Sampled 1 box of sheets month ago. Ordered 6 thousand other day. Very good price. We have noticed bees draw out his sheets faster. We chopped some sheets up placed half a pierco sheet and half acorn sheet in wooden frames and acorn was always drawn out first.


----------



## Mbeck (Apr 27, 2011)

RAK said:


> Sampled 1 box of sheets month ago. Ordered 6 thousand other day. Very good price. We have noticed bees draw out his sheets faster. We chopped some sheets up placed half a pierco sheet and half acorn sheet in wooden frames and acorn was always drawn out first.


Thanks


----------



## 78-79fordman (Mar 23, 2014)

Tennessee's Bees LLC said:


> I got mine for 82 cents each with a good single coat of wax all deeps


That shipped or before shipping ??


----------



## grozzie2 (Jun 3, 2011)

RAK said:


> We chopped some sheets up placed half a pierco sheet and half acorn sheet in wooden frames and acorn was always drawn out first.

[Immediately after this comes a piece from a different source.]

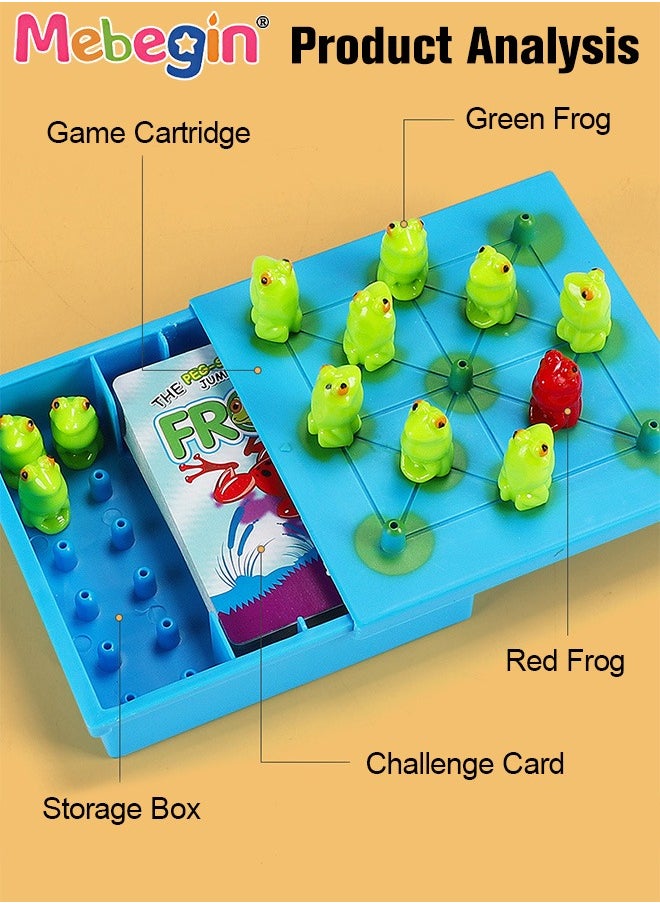 MEBEGIN Frog Chess Board Game, Puzzle Game for Two Players, Parent-child Interactive Toy Set with Storage Box, Fun Family Game, Fast Paced Action Game, Creative Board Game for Party Time and Family Activities, Fits on Table or Floor to Play, Ideal Gift for Kids Aged 3+  - Image 5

That's the kind of info that goes into my 'saved nuggets' bookmark file.


----------



## RAK (May 2, 2010)

I will post some pics of the frames after being in hive for one day.


----------



## 78-79fordman (Mar 23, 2014)

Got ahold of Nick he was fix'n to call me he said . So he sounds like a cool cat . So I have a 100 foundations in the mail to test out so pics will come as I get them and as they get drawn out . So stay tuned .


----------



## Hambone (Mar 17, 2008)

Just got my order in from Nick-Acorn. Good fast shipping. Feels like they have a good wax coating. You can even smell the wax before opening up the box.


----------



## JodieToadie (Dec 26, 2013)

Well I sure hope the product is better than the website. All the comb in the backround is turned 90 degrees, and the comb on the shallow frames in the foreground is facing the wrong way. Hopefully the manufacturing dies aren't the same.


----------



## 78-79fordman (Mar 23, 2014)

Hambone said:


> Just got my order in from Nick-Acorn. Good fast shipping. Feels like they have a good wax coating. You can even smell the wax before opening up the box.

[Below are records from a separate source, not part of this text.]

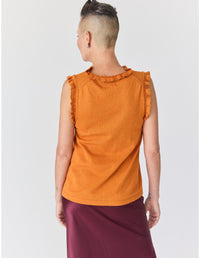 Lindsay Nicholas New York Top Frill Crewneck Shell in Orange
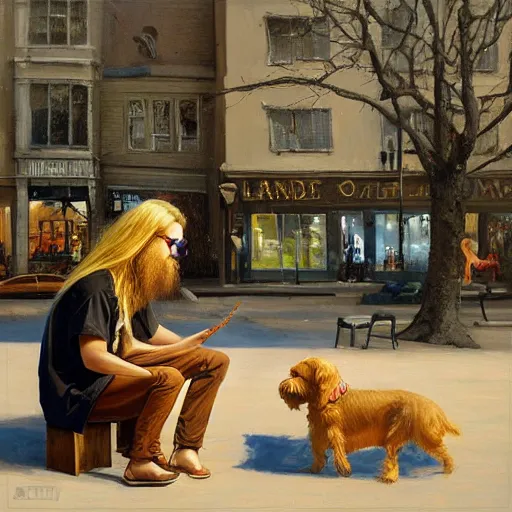 Prompt: oil painting of a young man with long hair blond and a beard hippie style with his golden retrever dog playing piano in the square for money, people watching around, by greg rutkowski, artstation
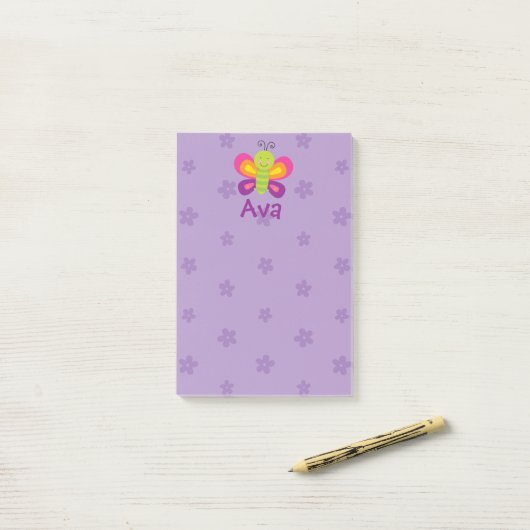 Kleurrijke vlinder gepersonaliseerde post-it notit post-it® notes (Op bureau)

 Great I do hope they got a good coating of wax and don't need another coat like the others . Can't wait to get mine to test


----------



## Duranthas (Mar 17, 2012)

I was curious about the cell size so I emailed Nick and he gave me a friendly response of 5.28.
Just an FYI if you are into that kind of thing.


----------



## honeyman46408 (Feb 14, 2003)

I have bought from Nick when he was with the "other company" always a nice guy o deal with. he treats me like I had BIGBUX to spend, I just got off the phone with him and e worked the best shipping for me.

I see some complaining about price is not on the web site he offers a lot of options (single wax, no wax triple wax etc) so take a few mins and call r email he has always returned my calls and emails.


----------



## Mbeck (Apr 27, 2011)

I recieved my order and posted photos here...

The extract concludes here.